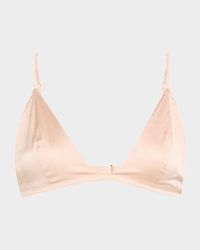 Tous Les Jours Soft Wireless Triangle Bra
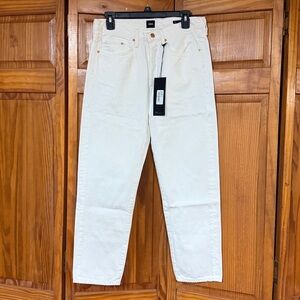 Edwin “Hana” Classic Straight Crop Jeans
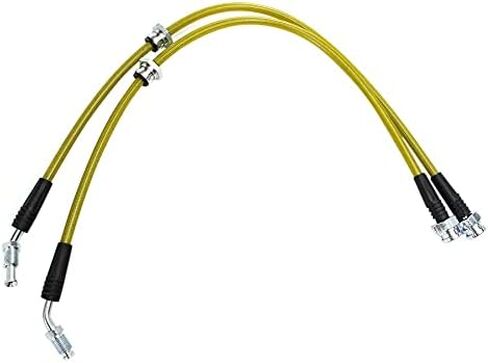 IS-N300ZX Stainless Steel Front Brake Lines - Nissan 240sx - 300zx Z32 Conversi in Saudi Arabia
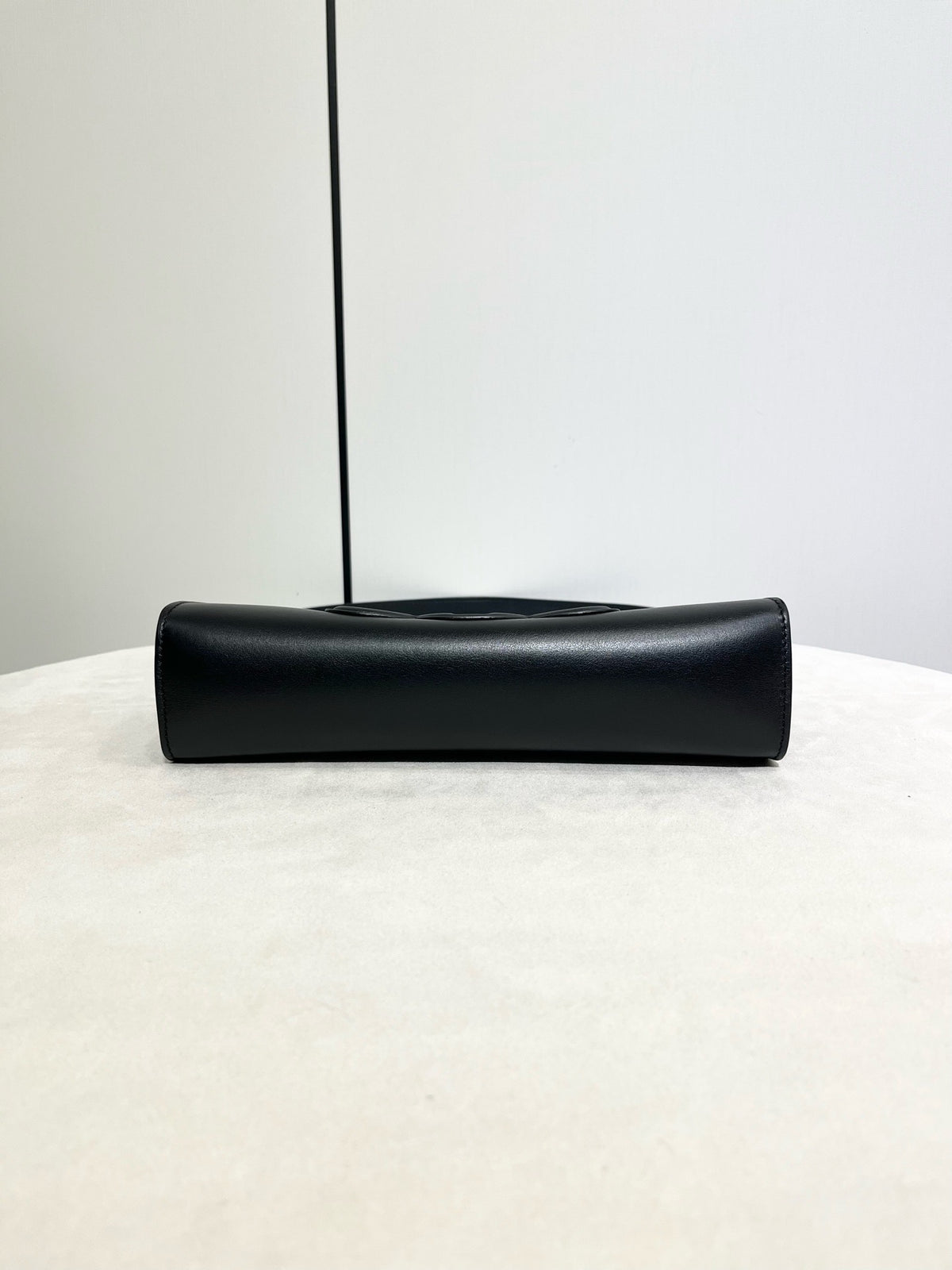 Celine - Triomphe - Leather - Black - (small)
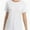 White, variant on Womens Short Sleeve Basic Shirts Crewneck Tees Loose Fit Fashion Tops Casual Summer Clothes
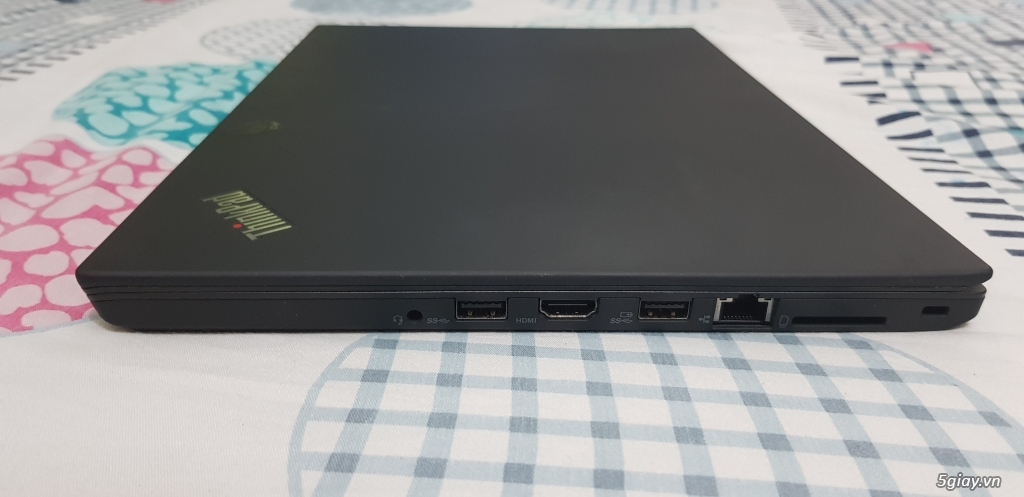 HCM - ThinkPad T480 FullOption, Core i7, RAM 16G, SSD 1T -  31tr - 4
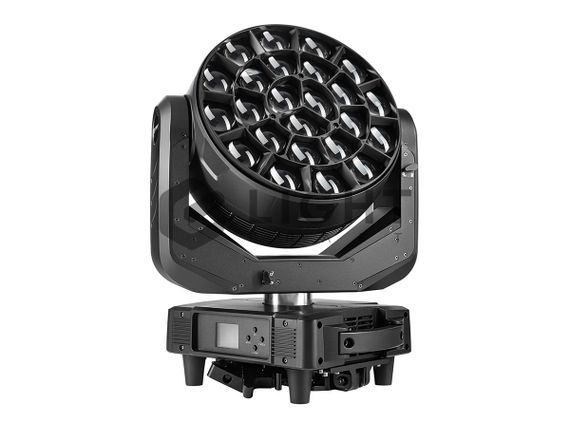 LightCraft 37x15W ZOOM - светодиодная вращающаяся голова, 37 диодов по 15ВТ, угол р. луча 60. Автоко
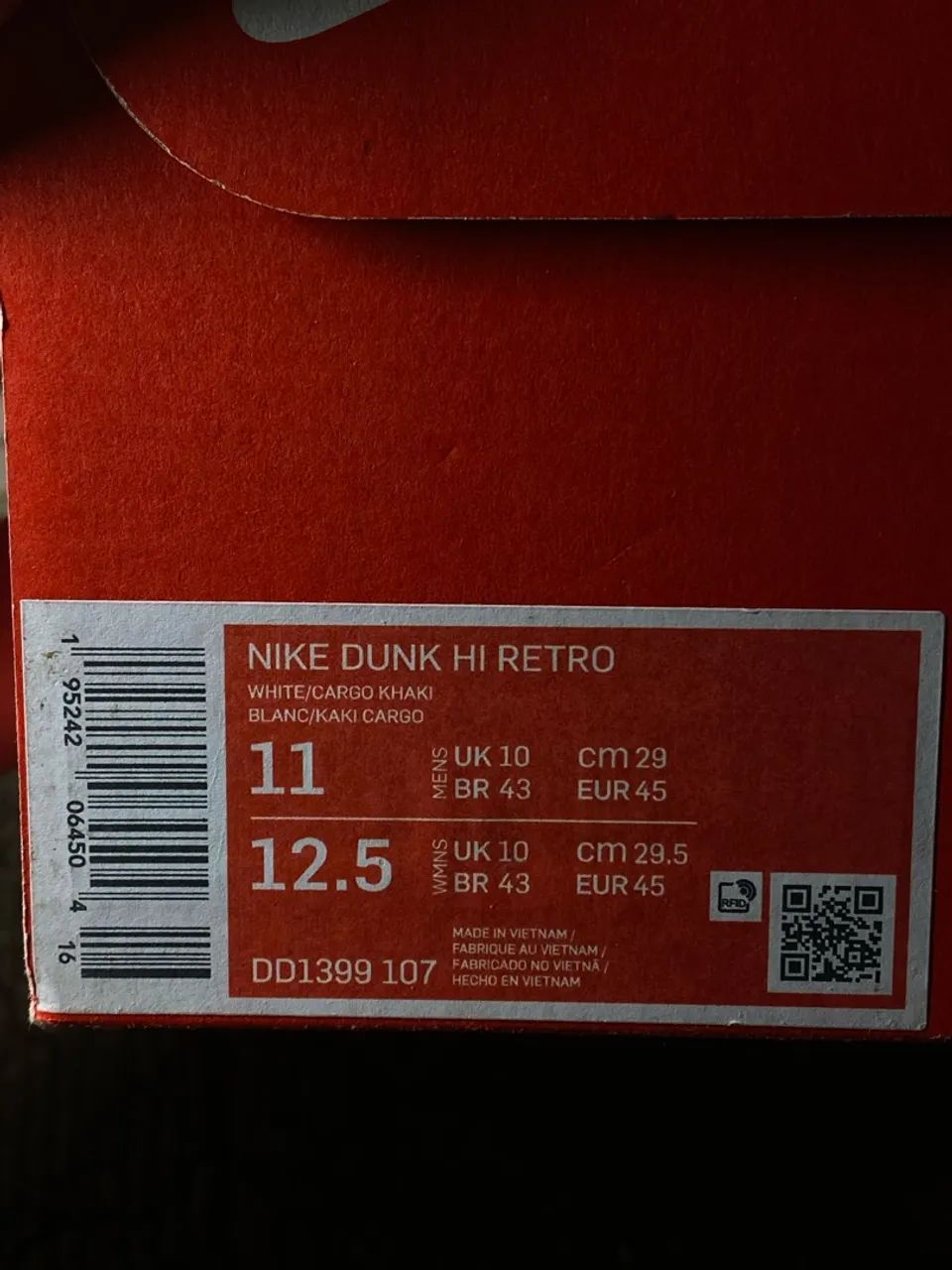 Nike Dunk High 43 - Foto 3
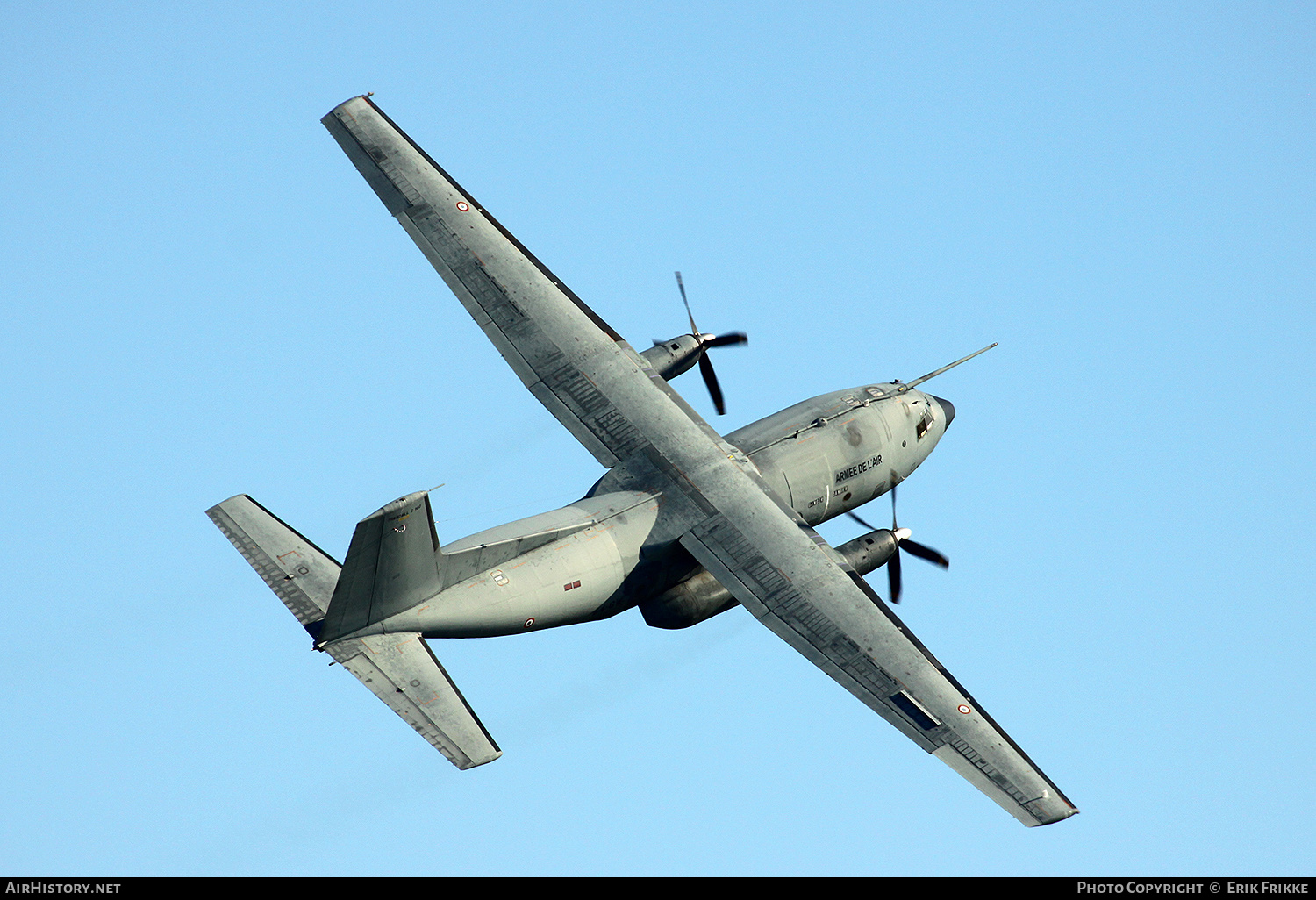 Aircraft Photo of R223 | Transall C-160R | France - Air Force | AirHistory.net #379248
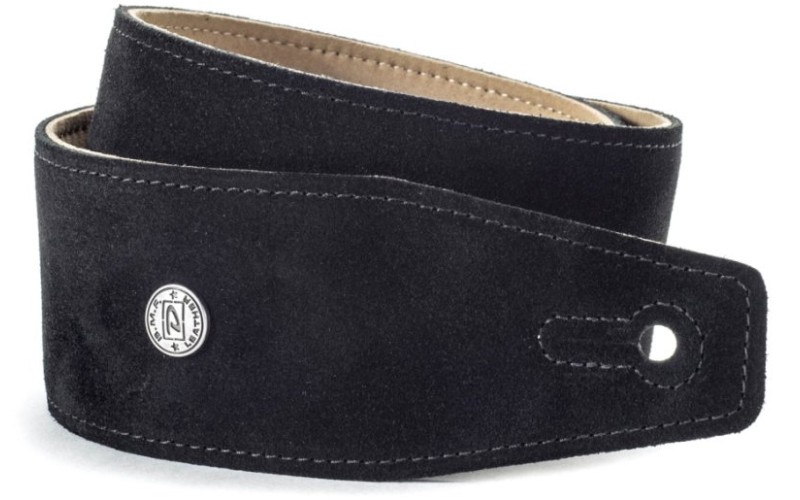 Dunlop BMFS01 Ремень для гитары, замша, черный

........

A verbatim copy of the entries, without the pictures, is what this task requires.

## Answer to this problem
 Tous Les Jours Soft Wireless Triangle Bra
 Edwin “Hana” Classic Straight Crop Jeans
 IS-N300ZX Stainless Steel Front Brake Lines - Nissan 240sx - 300zx Z32 Conversi in Saudi Arabia
 Celine - Triomphe - Leather - Black - (small)
 White, variant on Womens Short Sleeve Basic Shirts Crewneck Tees Loose Fit Fashion Tops Casual Summer Clothes
 HCM - ThinkPad T480 FullOption, Core i7, RAM 16G, SSD 1T -  31tr - 4
 LightCraft 37x15W ZOOM - светодиодная вращающаяся голова, 37 диодов по 15ВТ, угол р. луча 60. Автоко
 Nike Dunk High 43 - Foto 3
 Aircraft Photo of R223 | Transall C-160R | France - Air Force | AirHistory.net #379248
 Dunlop BMFS01 Ремень для гитары, замша, черный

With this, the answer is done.